• EXERCISE DETAILS
From the listing below, give again exactly the lines from the line with "Nová vláda ihned" to the line with "Certified 2024 Kia Sorento LX image 9", ends included, without any pictures.

• AVAILABLE RECORDS
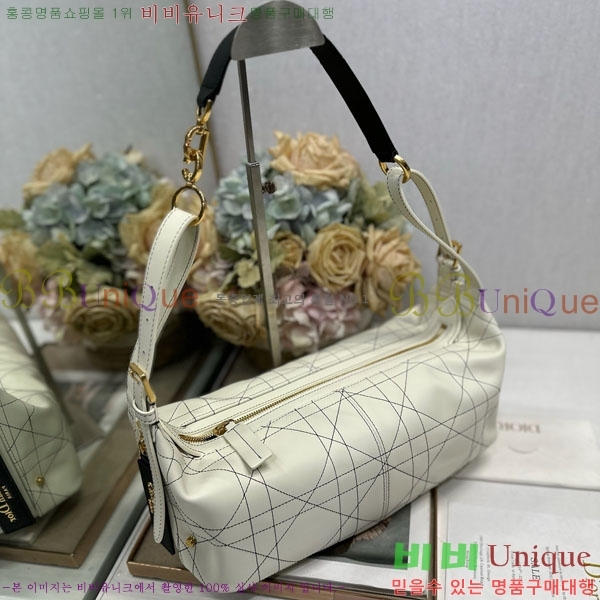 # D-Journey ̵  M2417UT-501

--

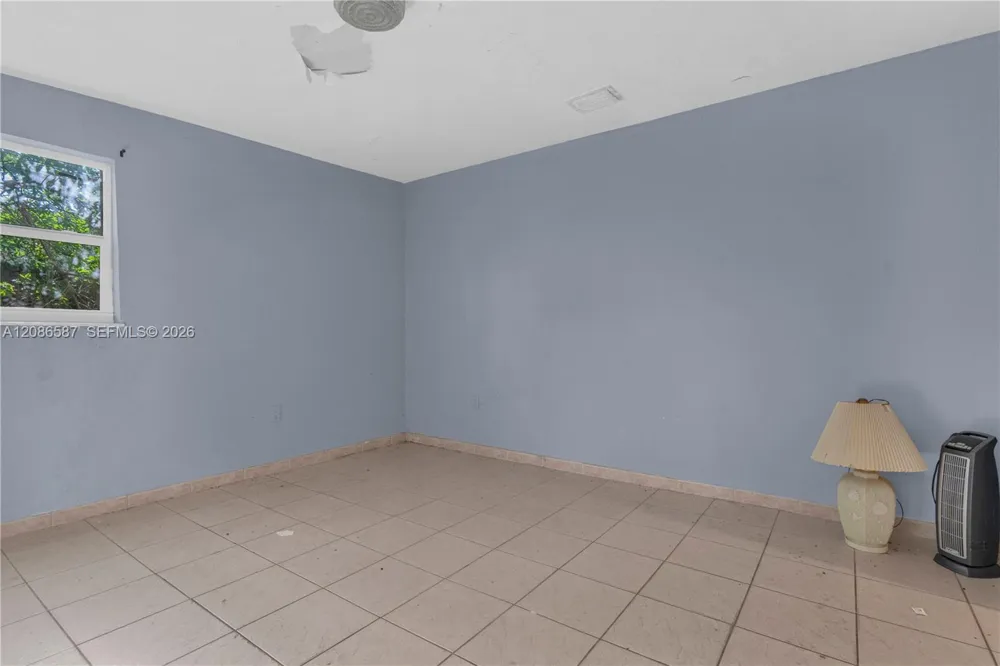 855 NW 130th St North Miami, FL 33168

--

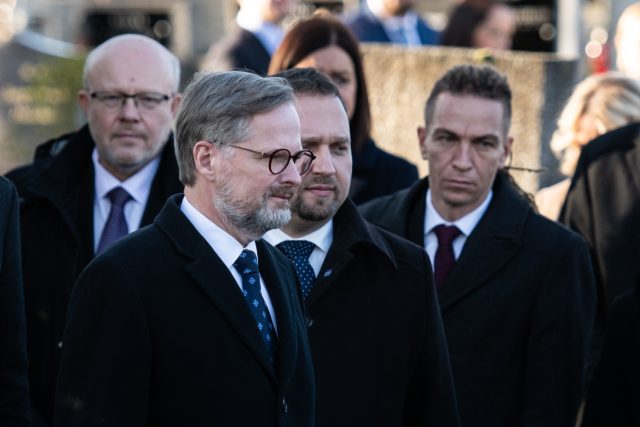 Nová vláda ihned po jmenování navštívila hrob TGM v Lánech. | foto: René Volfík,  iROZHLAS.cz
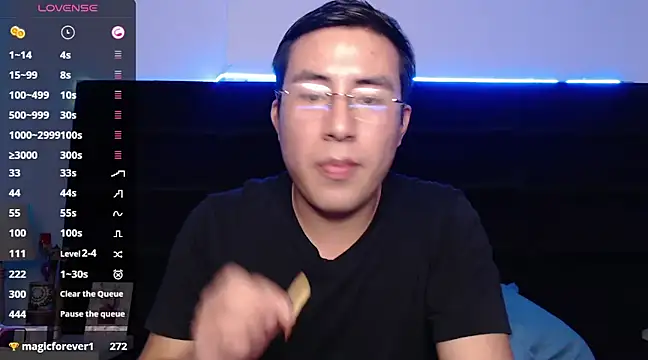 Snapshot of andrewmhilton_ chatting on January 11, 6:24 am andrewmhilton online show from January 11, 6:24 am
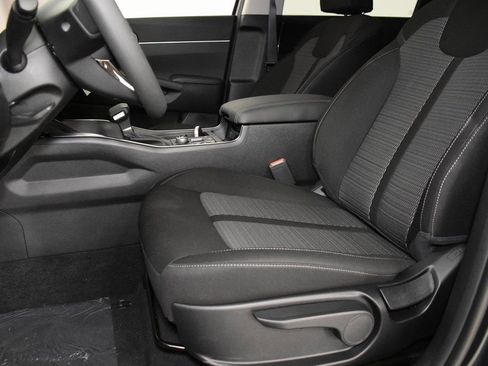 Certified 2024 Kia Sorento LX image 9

• THE COMPLETED TASK
 Nová vláda ihned po jmenování navštívila hrob TGM v Lánech. | foto: René Volfík,  iROZHLAS.cz
 Snapshot of andrewmhilton_ chatting on January 11, 6:24 am andrewmhilton online show from January 11, 6:24 am
 Certified 2024 Kia Sorento LX image 9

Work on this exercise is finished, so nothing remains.